The optical position detecting means may be a simple one such as a limit switch.

The gap located on the outer peripheral side reproduces not only the head having these two gaps on a predetermined track but also a reference for forming a format signal for writing at the gap located on the inner peripheral side. It is also used to get the clock.

Generally, it is not easy to arrange the gaps as close as possible to the track interval as in this example unless a thin film head as shown in FIG. 1 is used. FIG. 5 shows a perspective view of a head according to another embodiment of the present invention which is considered there. In the figure, 501 is a slider and 50 is
Reference numerals 2 and 503 are thin film heads, and 504 and 505 are respective magnetic gaps. These are located at a pitch four times the track width. 506 is a suspension that supports the head. The thin film head in this example is of the so-called IBM 3380 type and uses longitudinal magnetic recording, unlike that shown in the example of FIG.

FIG. 6 is a diagram showing an arrangement of format information on the magnetic disk corresponding to the head shown in FIG.
The head 503 is provided with gaps 504 and 505 at an interval four times the track interval.

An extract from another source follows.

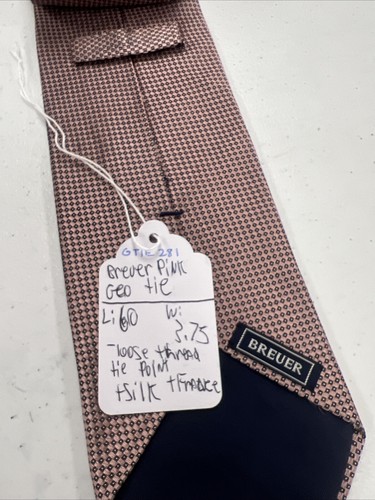 Breuer Men's Pink Geometric Silk Neck Tie $158 - Picture 4 of 10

As a format write procedure, first, the head is positioned at the outermost circumference, and the format signal is recorded on the track 601 by the outer gap 504 and the format signal is recorded on the track 605 by the inner gap 505 (FIG. 6a). reference). Then, the head is positioned on the inner circumference for one track, and the format signal is recorded on the track 602 by the outer gap 504 and the format signal is recorded on the track 606 by the inner gap 505. (See Fig. 6b) When this operation is repeated two more times, the gap 504 is the previously recorded track.
Come on 605. As a result, tracks 603, 604 and 607,
Although 608 are recorded, it is omitted to represent them by figures. Above, to record tracks 601-608,
The head must be positioned by external reference. (Details will be described later) After this, the drive alone,
Servo is applied based on the reproduction signal from the gap 504, and new formatting is performed at the gap 505. By repeating this operation in sequence, the formatting is completed over the entire surface of the disc.

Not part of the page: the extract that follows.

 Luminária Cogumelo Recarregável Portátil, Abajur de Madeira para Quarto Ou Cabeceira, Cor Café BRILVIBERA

First, in order to position the head four times with respect to the eight tracks 601 to 608, it is not possible to deal with the method of simply giving an offset to the output of the optical sensor as in the previous example, so at least four tracks are required. Across the width of
An optical scale having high resolution or a position detector corresponding to it is prepared. In the worst case, it is also possible to insert a probe from the outside of the drive and push the head to move the head inward by a predetermined amount.

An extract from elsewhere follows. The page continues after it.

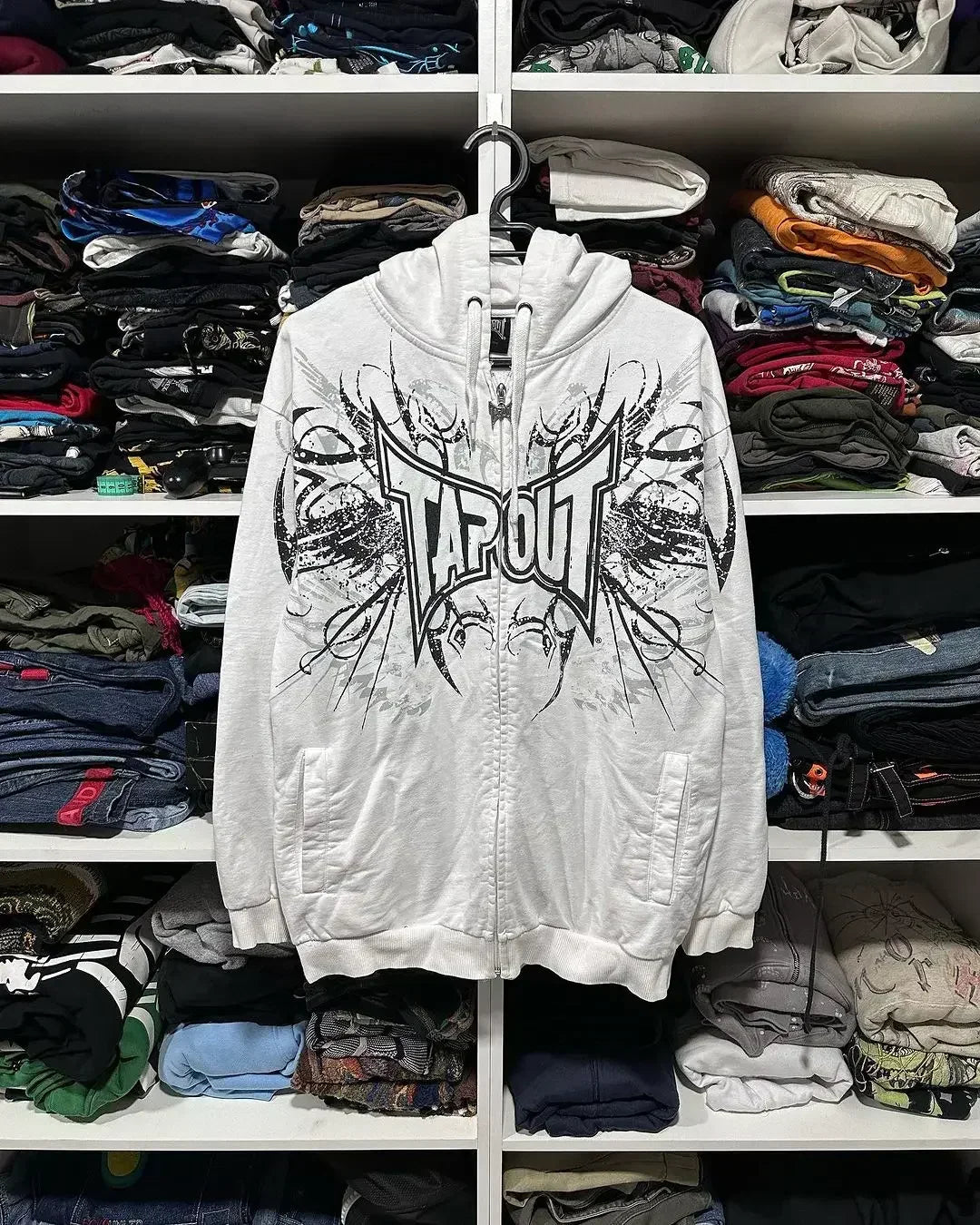 Gothic Skull Tribal Graphic Print Zip Up Hoodie 12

Instead of recording in the gap 504, the tracks 601 to 604 are recorded before the disk is incorporated into the drive, or a head for recording the tracks 601 to 604 is applied from the outside of the drive. There is also.

Alternatively, the gap 504 may be exclusively used for reproduction, and recording on the tracks 601 to 604 may be stopped. The only drawback of this method is that four tracks are no longer used for recording / reproducing data on the outer peripheral portion of the disk (useless). As the means for realizing the multi-gap (or the multi-gap head), the one formed by the thin film process is the most suitable, but the one by the conventional machining can also be carried out. Further, either perpendicular recording or longitudinal recording may be used as the magnetic recording means.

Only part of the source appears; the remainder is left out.